▶ Data for the task:

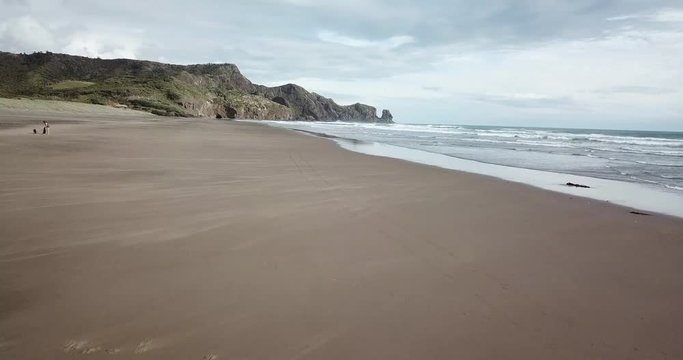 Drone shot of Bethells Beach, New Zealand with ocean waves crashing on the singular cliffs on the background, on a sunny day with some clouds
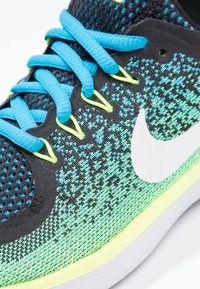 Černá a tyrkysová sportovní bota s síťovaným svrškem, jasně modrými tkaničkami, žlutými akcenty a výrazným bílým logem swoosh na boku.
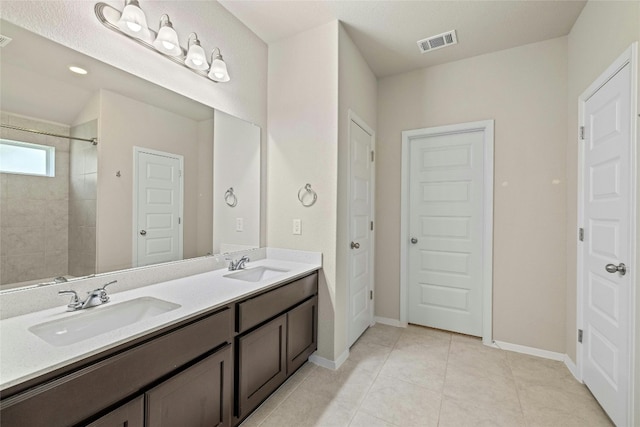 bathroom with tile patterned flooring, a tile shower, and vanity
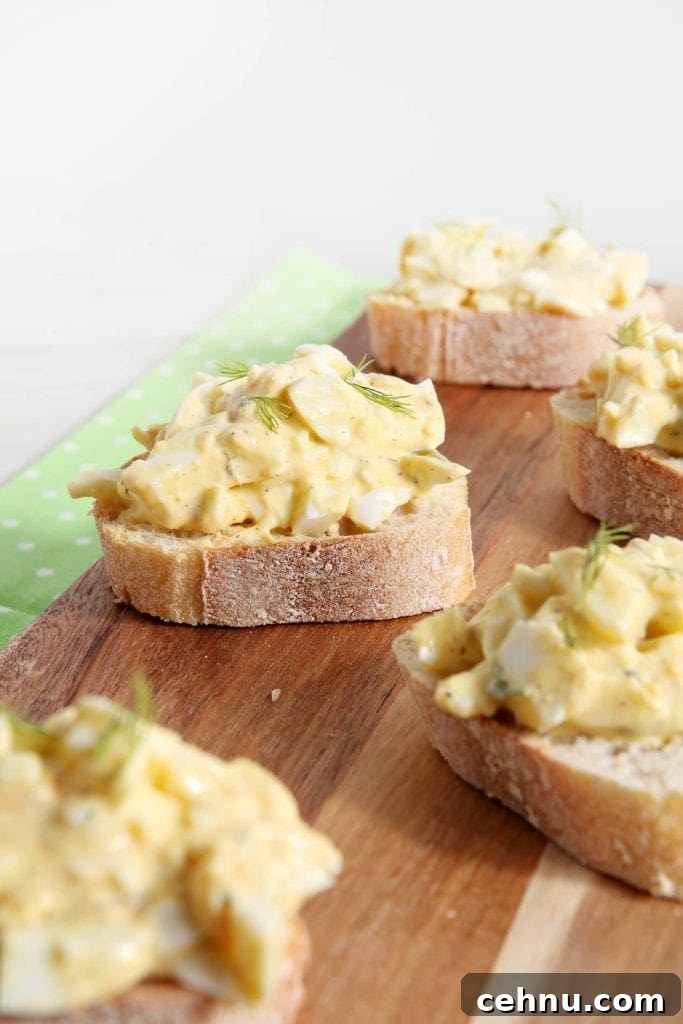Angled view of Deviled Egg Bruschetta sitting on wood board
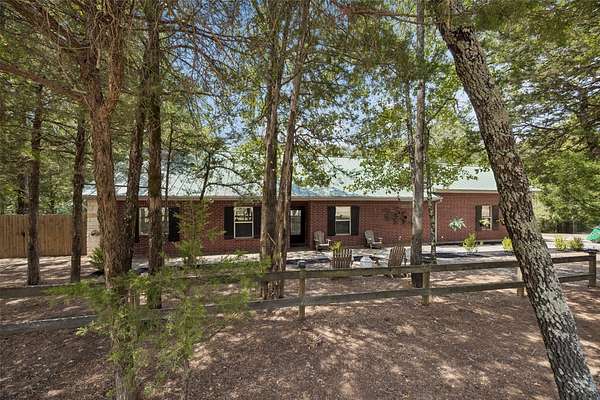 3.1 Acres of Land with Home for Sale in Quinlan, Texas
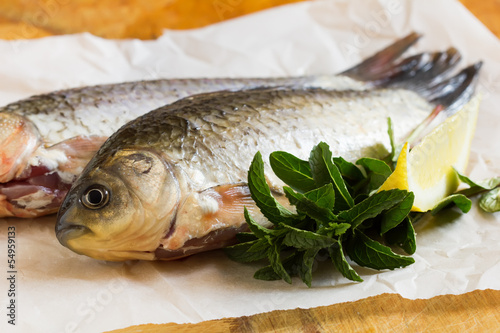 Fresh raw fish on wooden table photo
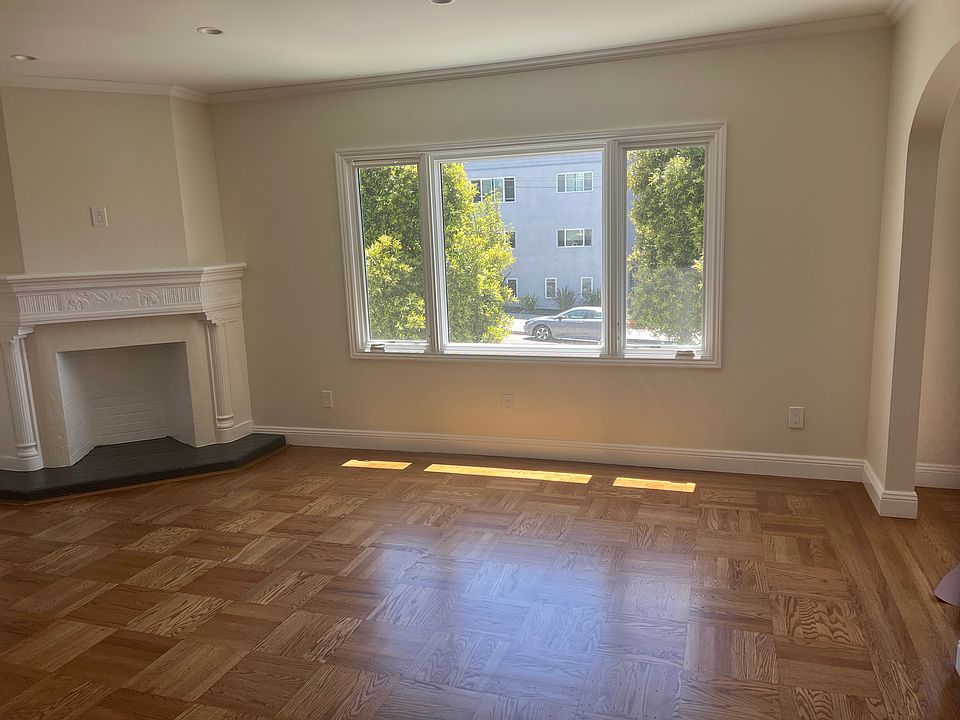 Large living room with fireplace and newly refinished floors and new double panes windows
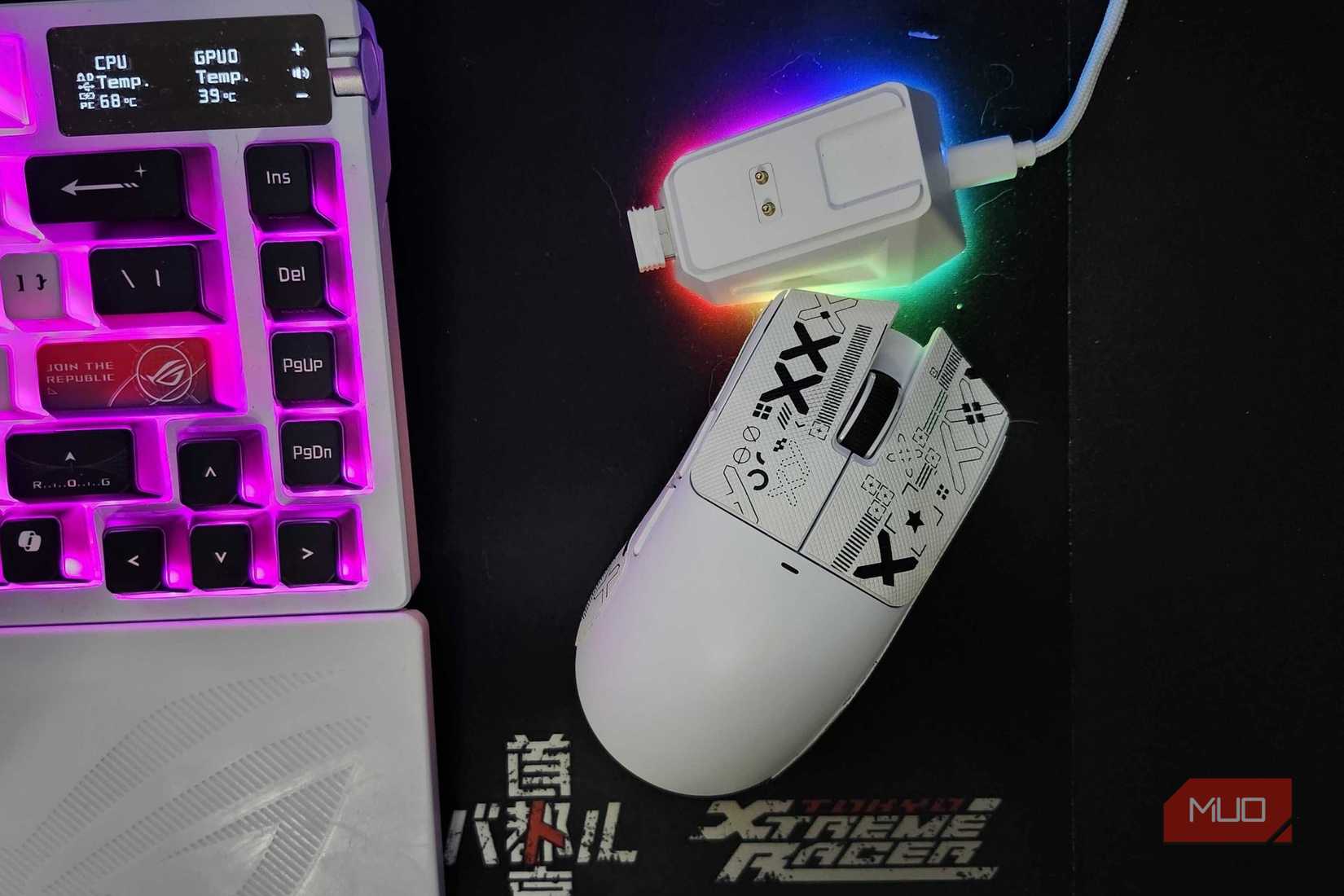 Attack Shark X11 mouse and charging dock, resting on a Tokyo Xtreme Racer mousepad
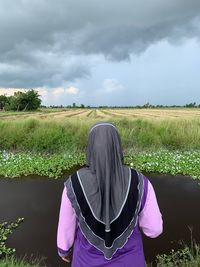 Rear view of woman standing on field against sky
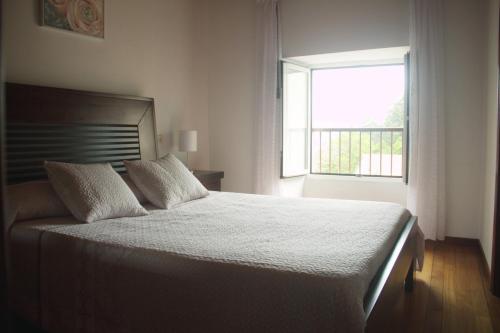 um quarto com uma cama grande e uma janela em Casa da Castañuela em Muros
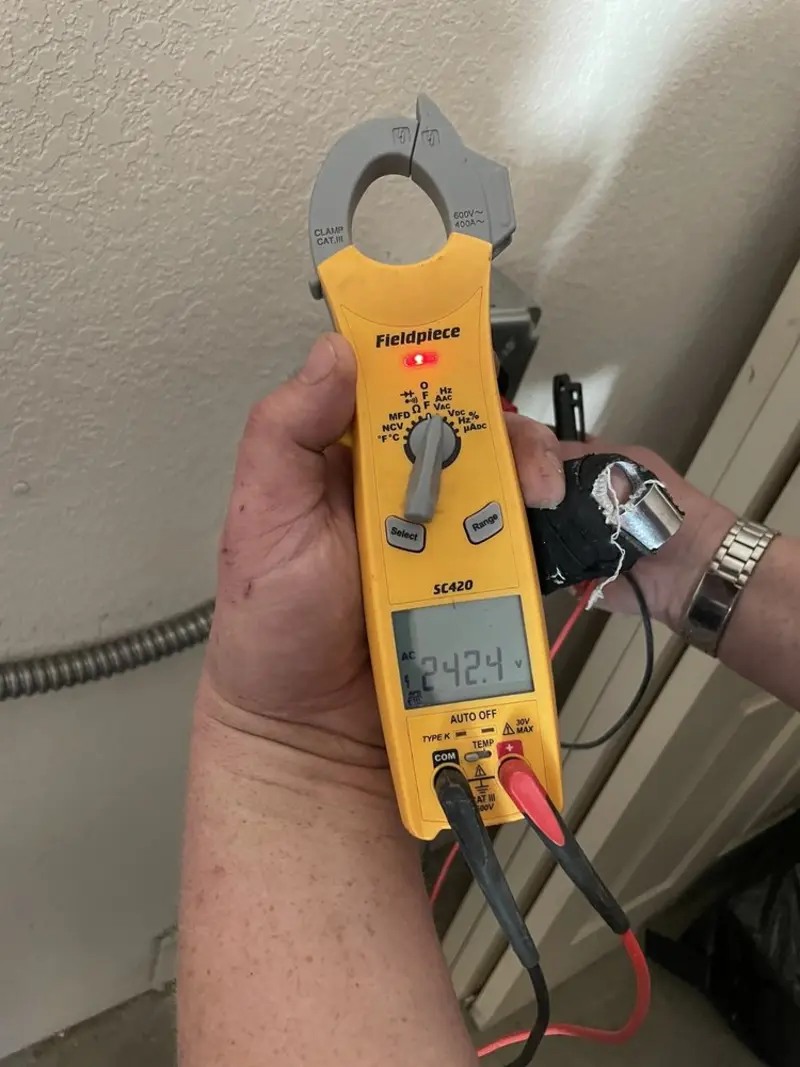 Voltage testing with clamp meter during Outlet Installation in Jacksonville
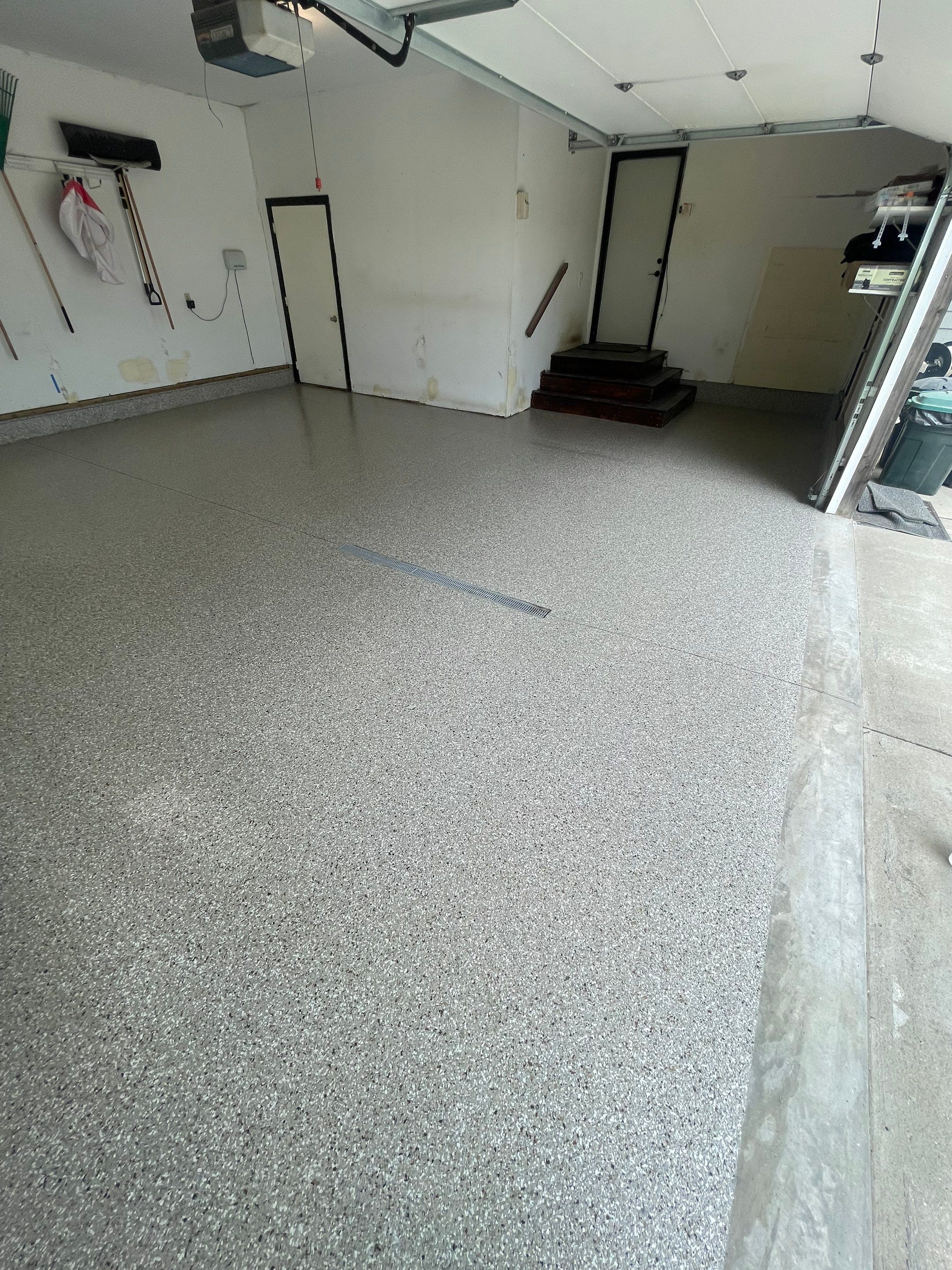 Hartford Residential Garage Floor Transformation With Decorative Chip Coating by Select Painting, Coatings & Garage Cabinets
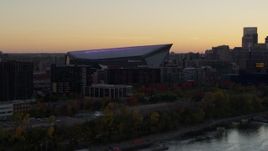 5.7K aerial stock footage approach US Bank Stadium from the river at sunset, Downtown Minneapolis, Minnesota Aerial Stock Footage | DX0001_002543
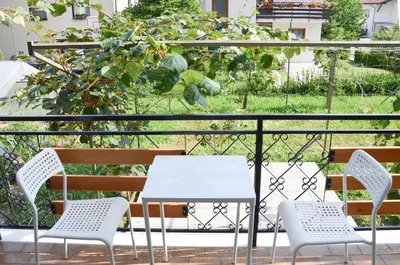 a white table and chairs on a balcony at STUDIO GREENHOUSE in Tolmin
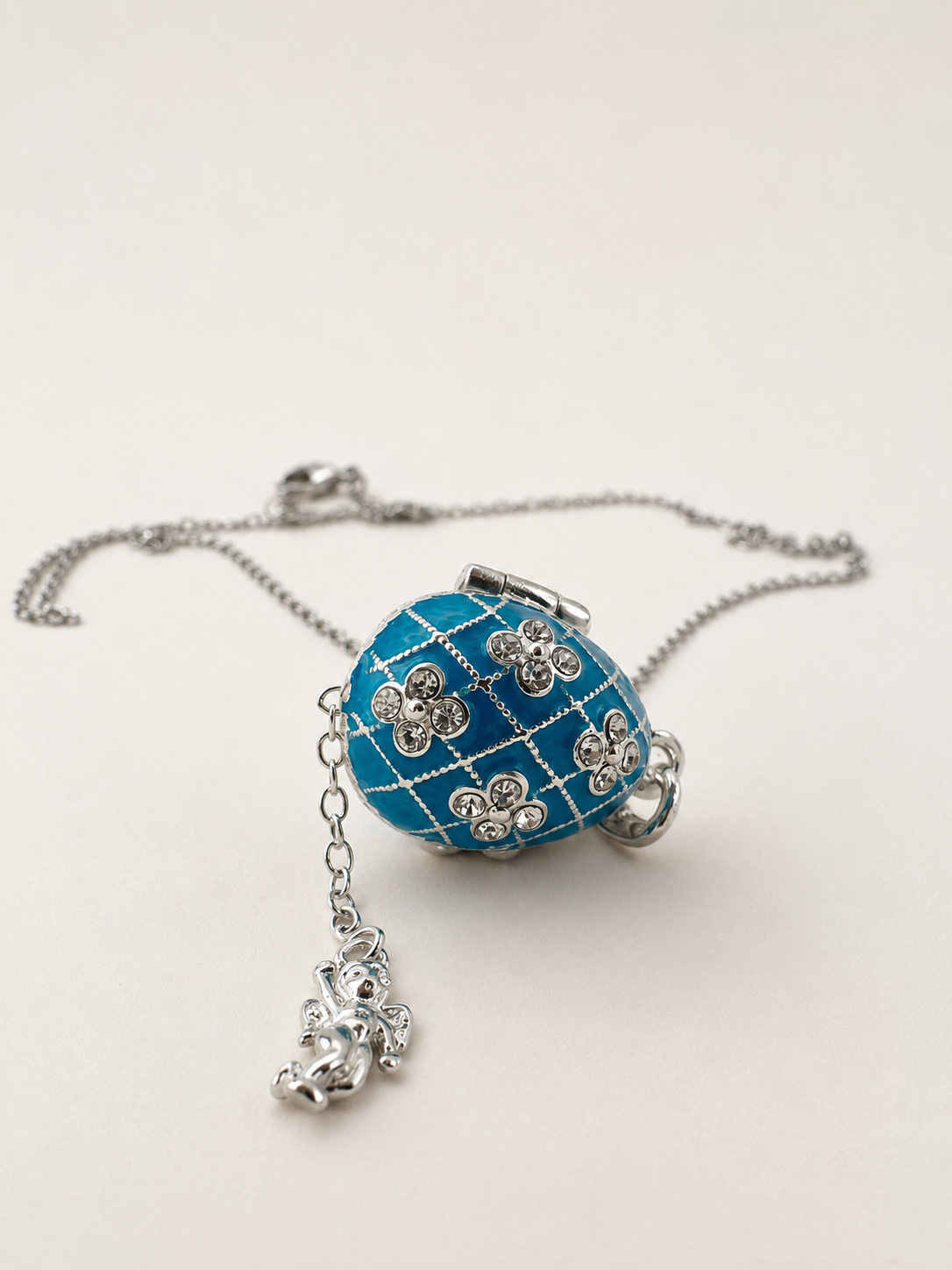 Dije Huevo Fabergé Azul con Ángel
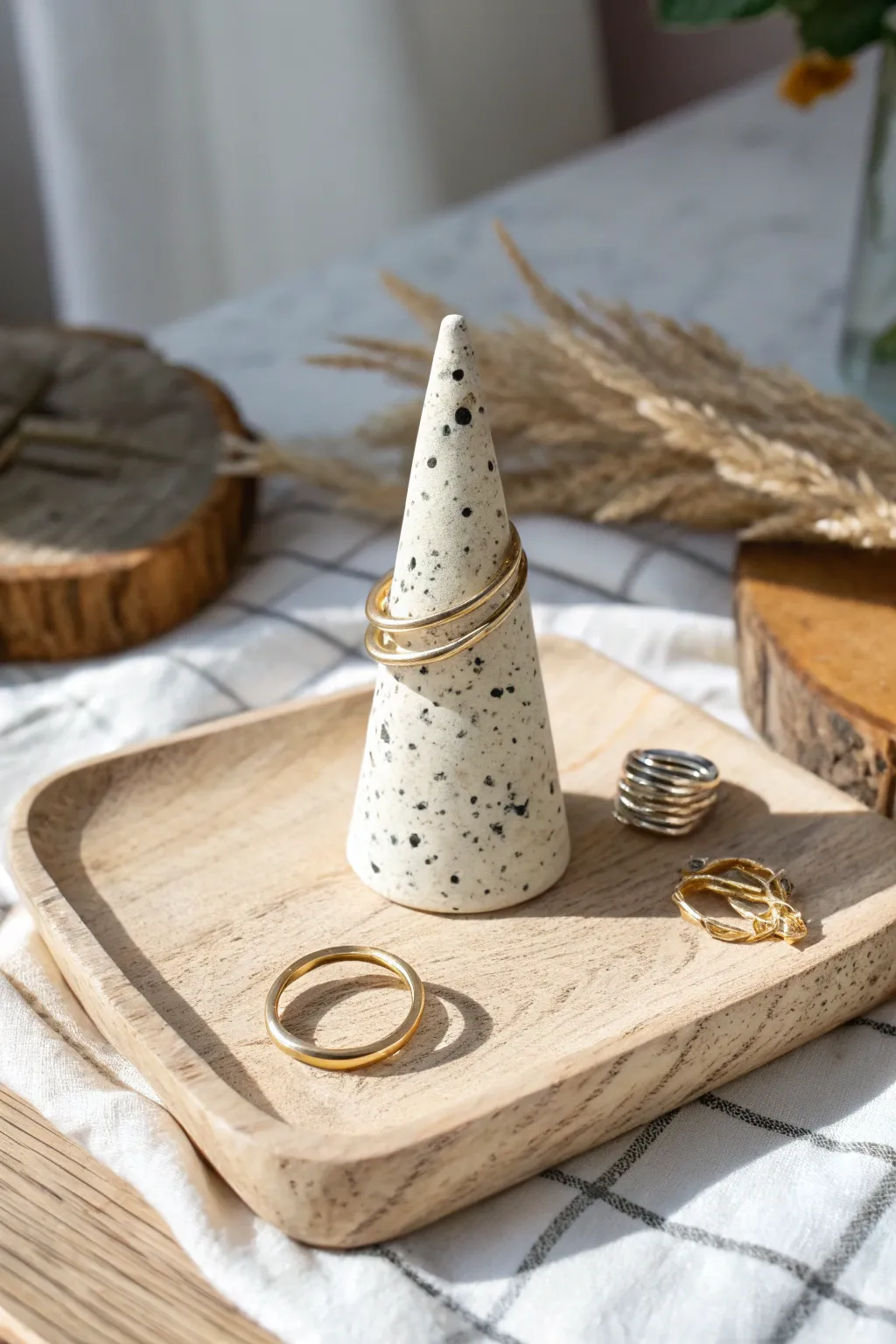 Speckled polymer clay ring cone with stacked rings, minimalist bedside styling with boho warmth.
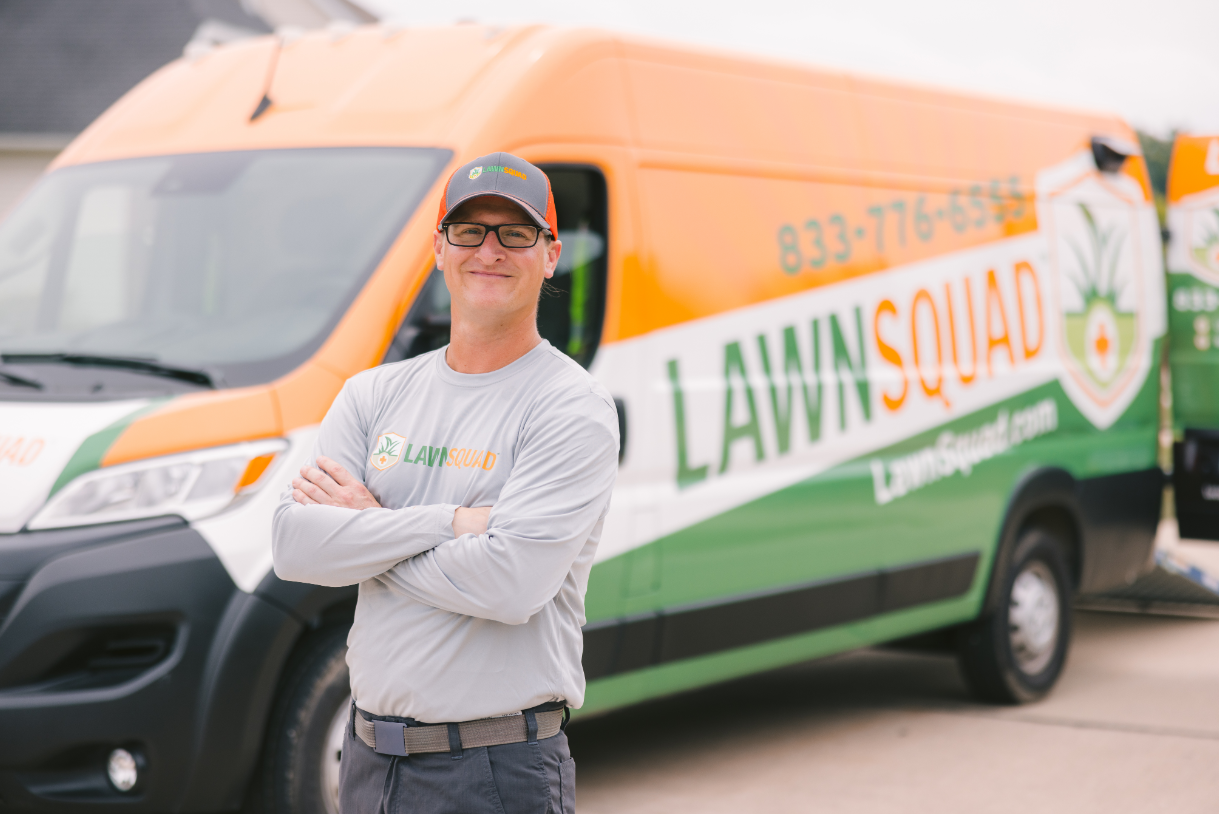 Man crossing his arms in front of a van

▶ What you should do:
What you should return is the exact text of every line from the top of the entries through the line with "bathroom with tile", pictures removed.

▶ Response area:
 Drone shot of Bethells Beach, New Zealand with ocean waves crashing on the singular cliffs on the background, on a sunny day with some clouds
 Černá a tyrkysová sportovní bota s síťovaným svrškem, jasně modrými tkaničkami, žlutými akcenty a výrazným bílým logem swoosh na boku.
 bathroom with tile patterned flooring, a tile shower, and vanity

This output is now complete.